DATASET CONTENT:

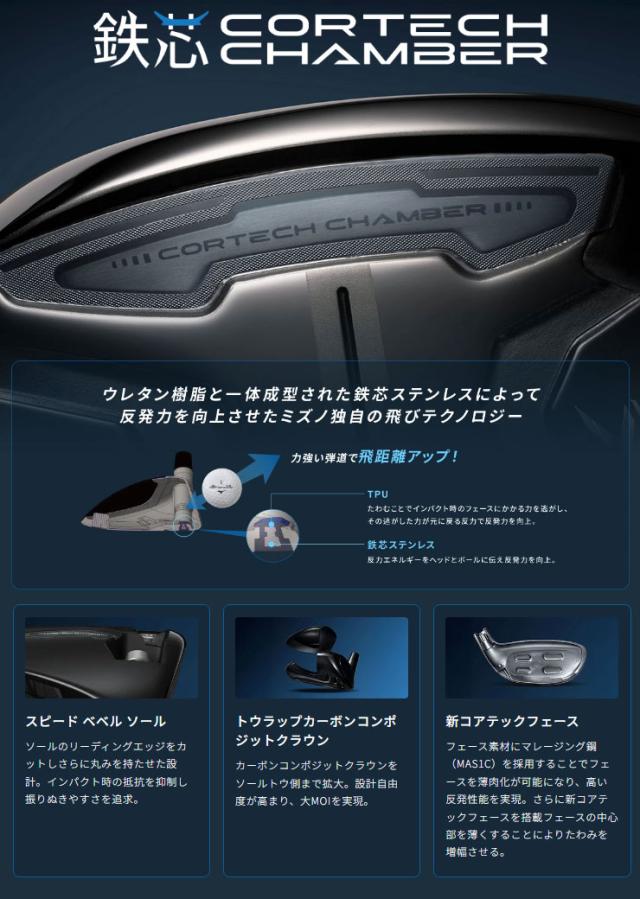 ミズノ JPX ONE フェアウェイウッド TENSEI BLUE MM F カーボンシャフト_1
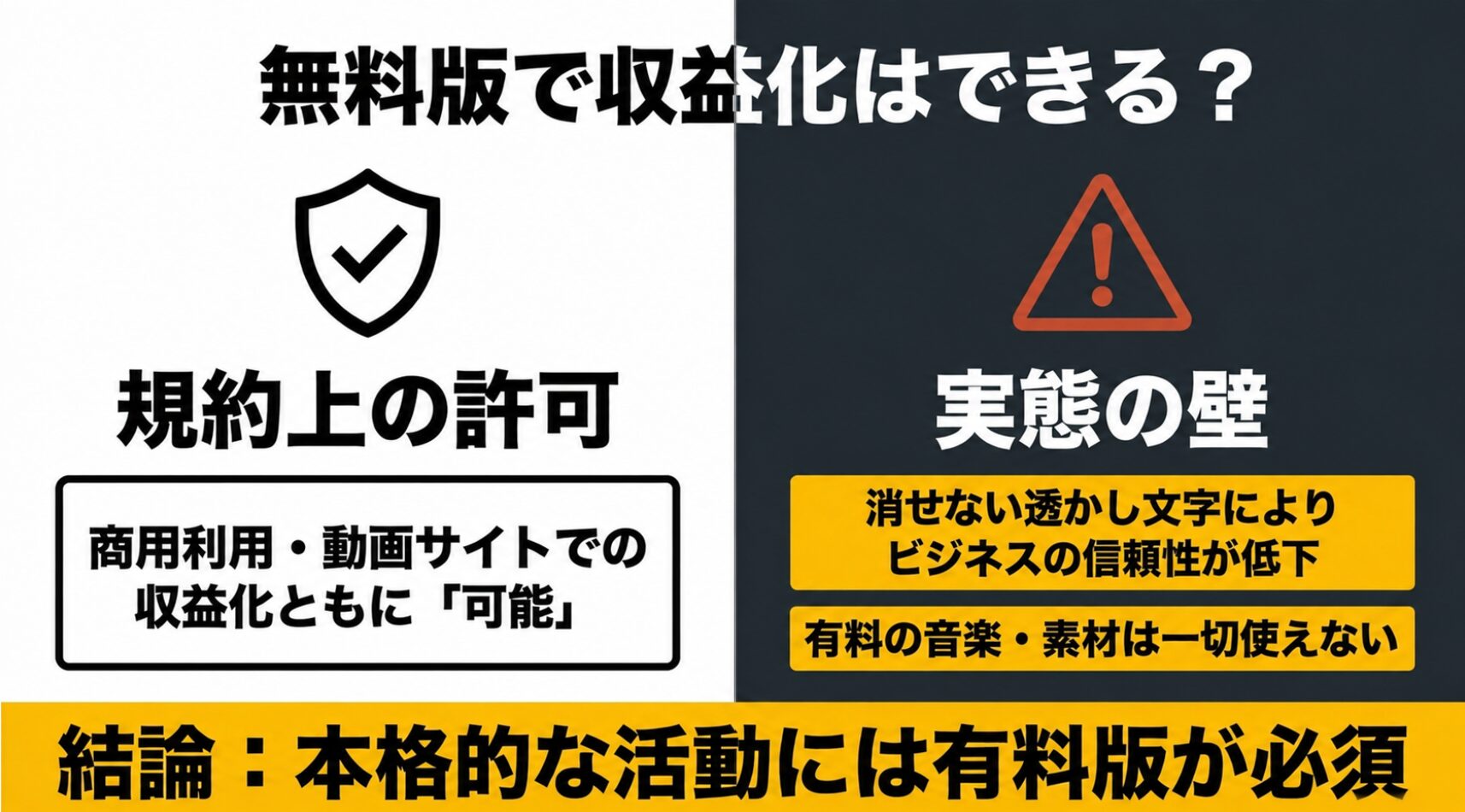 PowerDirector無料版に立ちはだかる3つの制限（透かし、30日制限、書き出し制限）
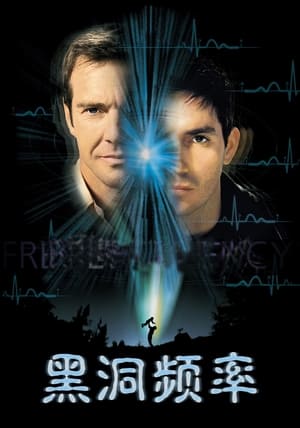 Poster 黑洞频率 2000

TASK STATEMENT: Wherever an image sits in the data, omit it; everything else must be copied exactly.

YOUR SOLUTION:
 ミズノ JPX ONE フェアウェイウッド TENSEI BLUE MM F カーボンシャフト_1
 PowerDirector無料版に立ちはだかる3つの制限（透かし、30日制限、書き出し制限）
 Poster 黑洞频率 2000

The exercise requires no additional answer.